IHSG Diprediksi Akan Berfluktuasi di Tengah Ketegangan Timur Tengah

Indeks Harga Saham Gabungan (IHSG) diperkirakan akan mengalami pergerakan yang tidak stabil pada Kamis (11/6/2026) akibat meningkatnya ketegangan di Timur Tengah. IHSG dibuka dengan penurunan kecil di...

S
Stevani Nila Wardana
11 June 2026
11 pembaca
IHSG Diprediksi Akan Berfluktuasi di Tengah Ketegangan Timur Tengah
Foto: Republika/Thoudy Badai

Indeks Harga Saham Gabungan (IHSG) di Bursa Efek Indonesia (BEI) pada hari Kamis, 11 Juni 2026, menunjukkan potensi pergerakan yang fluktuatif seiring dengan meningkatnya ketegangan di kawasan Timur Tengah. IHSG dibuka dengan penurunan sebesar 3,11 poin atau 0,05 persen, mencapai level 5.899,27. Sementara itu, indeks yang mencakup 45 saham unggulan, yaitu LQ45, mengalami sedikit kenaikan sebesar 0,83 poin atau 0,14 persen, berada di posisi 590,31.

Pengaruh Ketegangan di Timur Tengah

Menurut Liza Camelia Suryanata, Kepala Riset Kiwoom Sekuritas, sentimen pasar saat ini masih sangat dipengaruhi oleh perkembangan yang terjadi di Timur Tengah. "Sentimen pasar tetap didominasi perkembangan di Timur Tengah, setelah CENTCOM mengumumkan gelombang baru serangan terhadap Iran atas instruksi Presiden Amerika Serikat (AS) Donald Trump," ujarnya dalam analisis yang dilakukan di Jakarta.

Kekhawatiran Terhadap Pasokan Energi Global

Di sisi internasional, Trump kembali mengingatkan bahwa Iran akan "membayar harga" jika terus menunda kesepakatan damai.
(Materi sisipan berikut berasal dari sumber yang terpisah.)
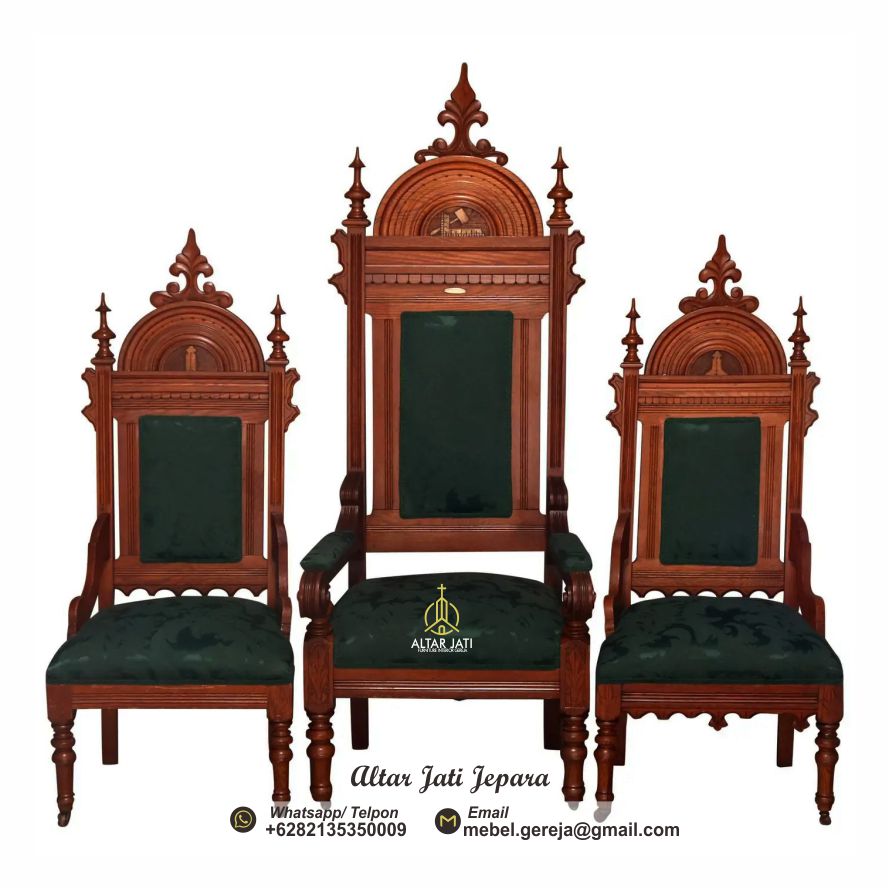 Set Kursi Imam Gereja Antik Klasik, jual kursi romo gereja, kursi gereja kayu jati, kursi pastor gereja, kursi misdinar, kursi gereja ukir jepara, kursi gereja jati terbaru, Kursi imam gereja, kursi altar gereja, kursi pastor gereja, kursi gereja, jual kursi gereja, kursi misdinar, kursi misdinar minimalis, kursi untuk misa, kursi untuk misa di gereja, jual kursi imam gereja, jual kursi imam gereja katolik, harga kursi imam gereja, kursi untuk ekaristi, kursi imam pastor, kursi imam romo, kursi romo katolik, kursi imam katolik, kursi romo gereja, kursi imam gereja murah, kursi pemimpin gereja, mebel gereja HKBP, kursi pimpinan gereja, kursi romo imam gereja, kursi gereja Kristen, kursi gereja Kristen protestan, kursi pendeta, kursi pendeta gereja, kursi imam gereja katedral, kursi gereja gkpi, kursi gereja HKBP, kursi ceramah gereja, kursi rohani gereja, kursi untuk ceramah, model kursi gereja, harga kursi gereja, model kursi imam gereja, jual kursi gereja katolik, harga kursi room gereja, jual kursi pastor, jual kursi romo gereja, kursi uskup gereja katolik, kursi hkbp, desain kursi room terbaru, harga kursi pastor gereja, kursi gereja katolik, desain kursi gereja, kursi pastor gereja, kursi imam katolik, jual kursi pastor, kursi pastor gereja, kursi pastor katolik, kursi pastor murah, kursi pastor minimalis, kursi pastor terbaru, kursi pastor katolik, kursi pastur katolik, kursi ceramah gereja, kursi pidato gereja, kursi uskup imam gereja katolik, kursi gereja katedral, kursi gereja Jakarta, kursi ceramah di gereja, kursi gereja Jakarta, meja altar gereja, meja altar gereja katolik, gambar meja altar gereja katolik, ukuran meja altar gereja katolik, ukuran meja altar, desain meja altar gereja, meja altar gereja 2024, kursi uskup katolik, kursi uskup gereja, uskup kursi imam gereja, jual bangku gereja, model bangku gereja, bangku gereja katolik, bangku gereja protestan, bangku gereja Kristen, meja altar gereja Kristen, meja altar gereja protestan, mimbar gereja katolik, toko rohani di bandung, altar gereja adalah, meja untuk misa di gereja, meja altar Jakarta, kursi natal, meja altar gereja ukir, altar gereja perjamuan, meja altar modern, meja altar gereja modern, model meja altar minimalis, desain altar gereja, altar gereja katedral, meja altar sembahyang, altar sembahyang Kristen, meja altar katolik, meja altar katolik Jakarta, altar gereja katolik, altar gereja protestan, meja sembahyang modern, meja altar minimalis, meja altar modern, meja altar perjamuan, meja altar gambar perjamuan, kursi bishop, bishop chair, altar gereja katolik, meja altar katolik di rumah, model altar gereja gpdi, jasa interior gereja, supplier mebel gereja, jual kursi gereja di malang, supplier interior gereja, jual kursi gereja di Jakarta, Jual kursi romo di Surabaya, jual kursi gereja di medan, jual kursi gereja di Surabaya, interior gereja katedral, Jual mebel gereja, gereja Jakarta, gereja bandung, gereja semarang, gereja Surabaya, gereja medan, gereja NTT Flores, Gereja Manado, mebel gereja murah, furniture gereja murah, altar gereja, mimbar gereja minimalis, bangku gereja sederhana, mimbar gereja katolik, harga bangku gereja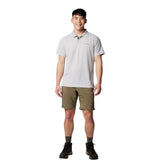 Columbia Utilizer™ Polo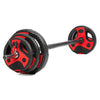 Vinyl Grip Pump Set 20kg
Iran pun menegaskan akan membalas setiap ancaman dan serangan yang diterimanya. Ketegangan yang telah berlangsung selama empat bulan ini semakin meningkatkan kekhawatiran mengenai pasokan energi global. Ketidakpastian tetap tinggi, terutama terkait dengan Selat Hormuz yang merupakan jalur utama bagi sekitar 20 persen pasokan minyak dunia, yang kini menjadi titik risiko utama bagi energi global.

Selain itu, Trump mengklaim bahwa AS telah menjalankan "misi rahasia" untuk membantu lebih dari 200 kapal komersial melewati Selat Hormuz dan mengalirkan lebih dari 100 juta barel minyak ke pasar global. Namun, klaim tersebut dibantah oleh Menteri Energi AS, Chris Wright, yang mengaku tidak mengetahui tentang operasi tersebut.